What the exercise asks ▸ Retype, exactly and with both ends included, the lines below from the one containing "922 W 37th St, Ashtabula, OH 44004 - photo 5" through the end; omit the pictures.

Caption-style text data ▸
________________________

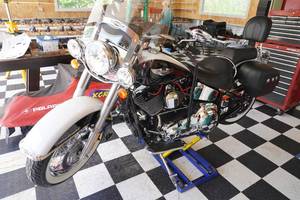 lot 100 image: 2005 Harley Davidson Deluxe Glacier White 18,398 mi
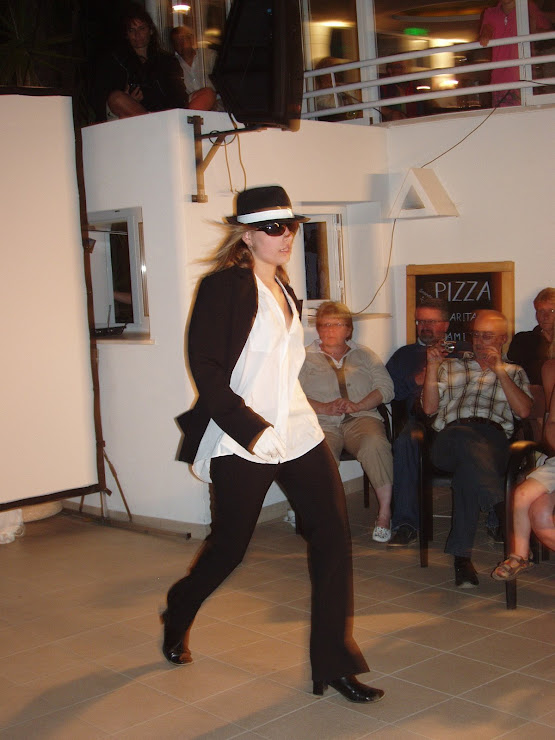 Michael Jackson,desfile de la moda a través de la historia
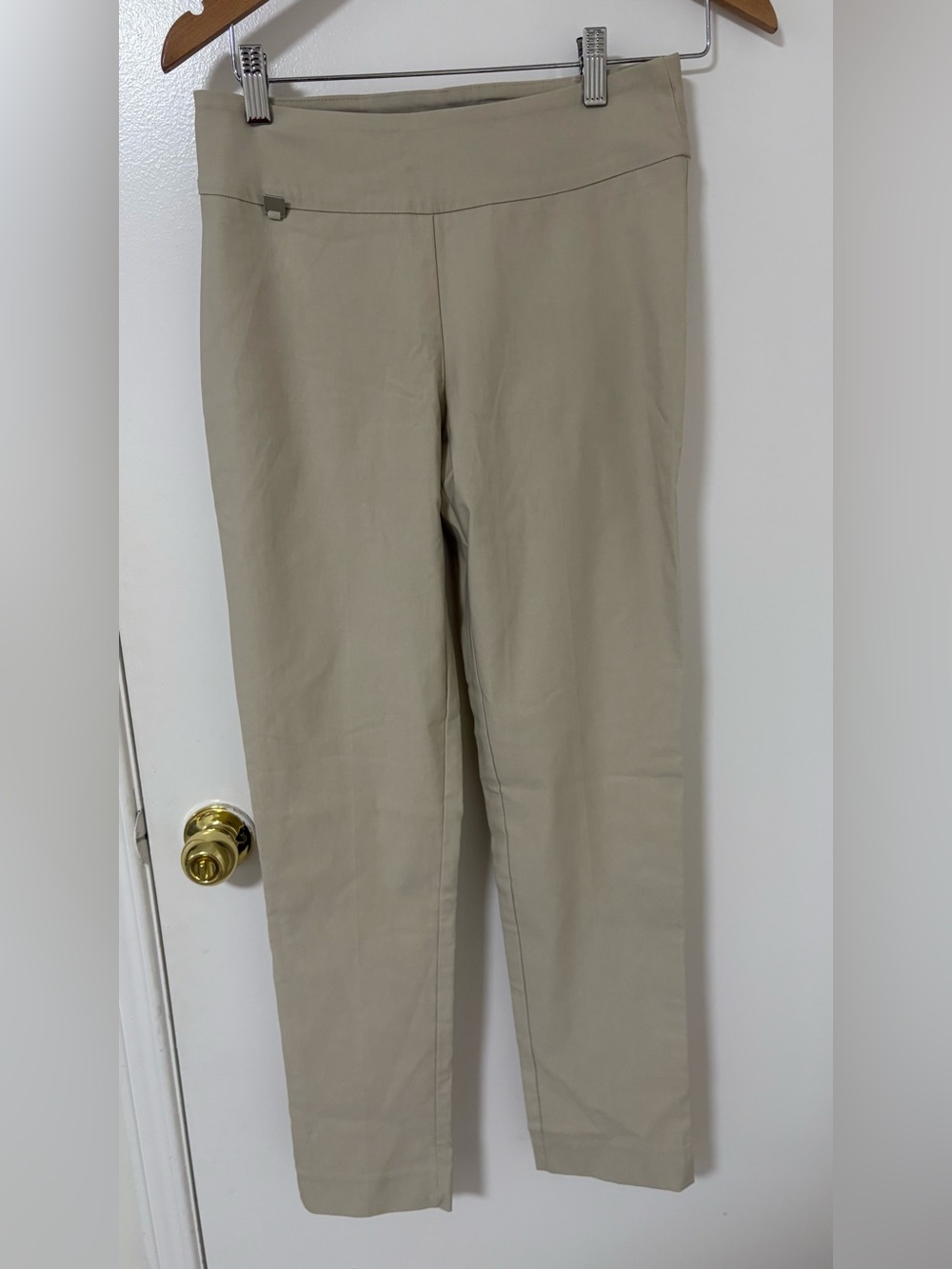 Women's Classic Straight-Leg Khaki Chinos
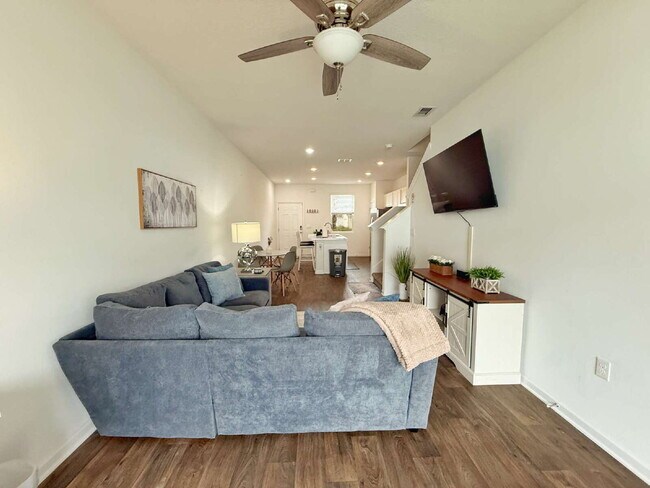 Building Photo - Furnished Townhome conveniently located!
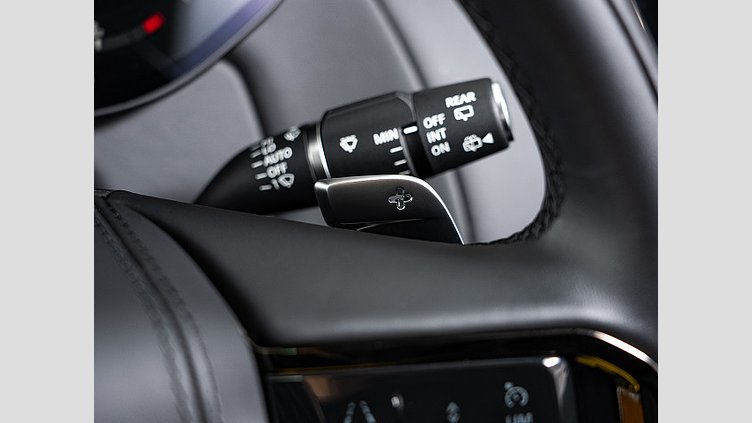 2023 認定中古車 Land Rover Range Rover Sport サントリーニブラック 3.0リッター6気筒400PSターボチャージドガソリンMHEV（オートマチック） FIRST EDITION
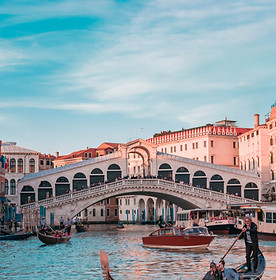 Image by Damiano Baschiera
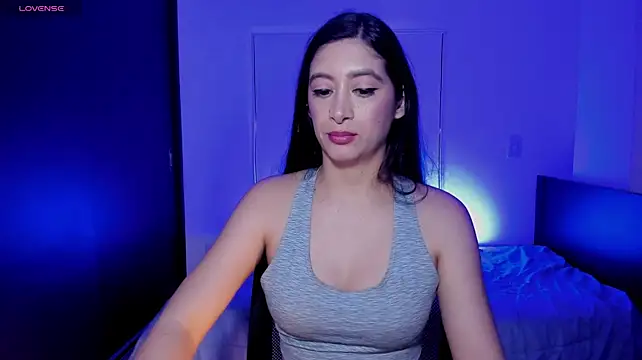 MeganWhite3 stripchat live cam model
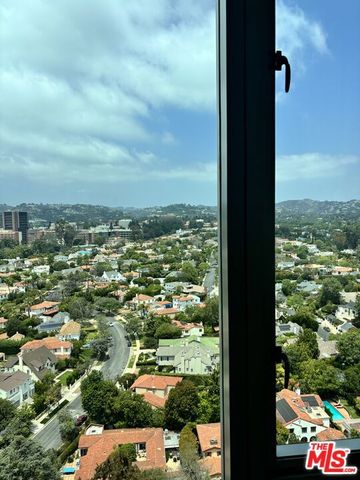 10727 Wilshire Boulevard 2002, Los Angeles, CA 90024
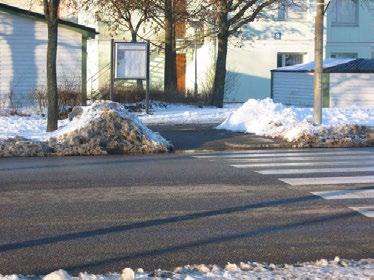 Vid övergångsställe skall hela övergångsställets bredd vara snöröjd för att möjliggöra passage både för personer med synnedsättning och för personer med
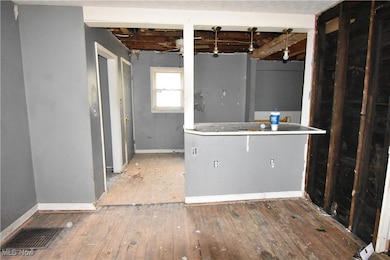 922 W 37th St, Ashtabula, OH 44004 - photo 5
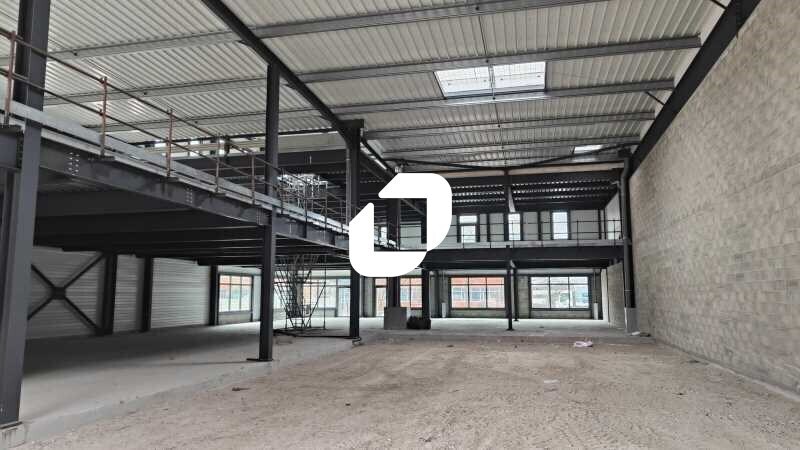 Local d'activités dans Gennevilliers à vendre Photo de la construction– Image 1 sur 10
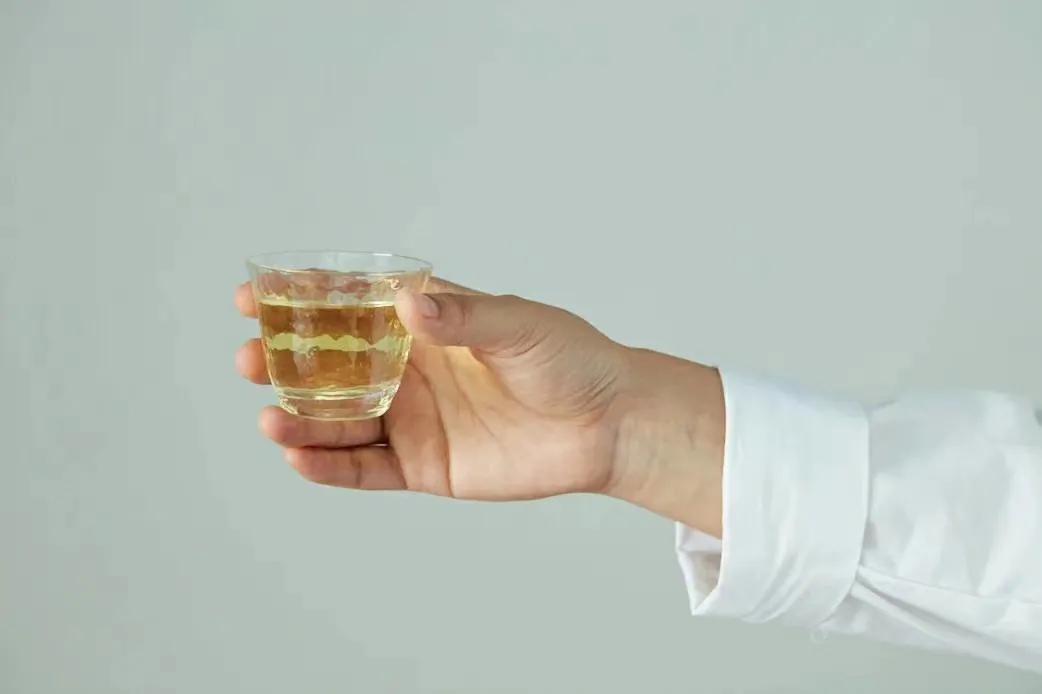 减肥喝柠檬水有助排便吗,柠檬和什么泡水可以减肥通便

________________________

Answer to the problem ▸
 922 W 37th St, Ashtabula, OH 44004 - photo 5
 Local d'activités dans Gennevilliers à vendre Photo de la construction– Image 1 sur 10
 减肥喝柠檬水有助排便吗,柠檬和什么泡水可以减肥通便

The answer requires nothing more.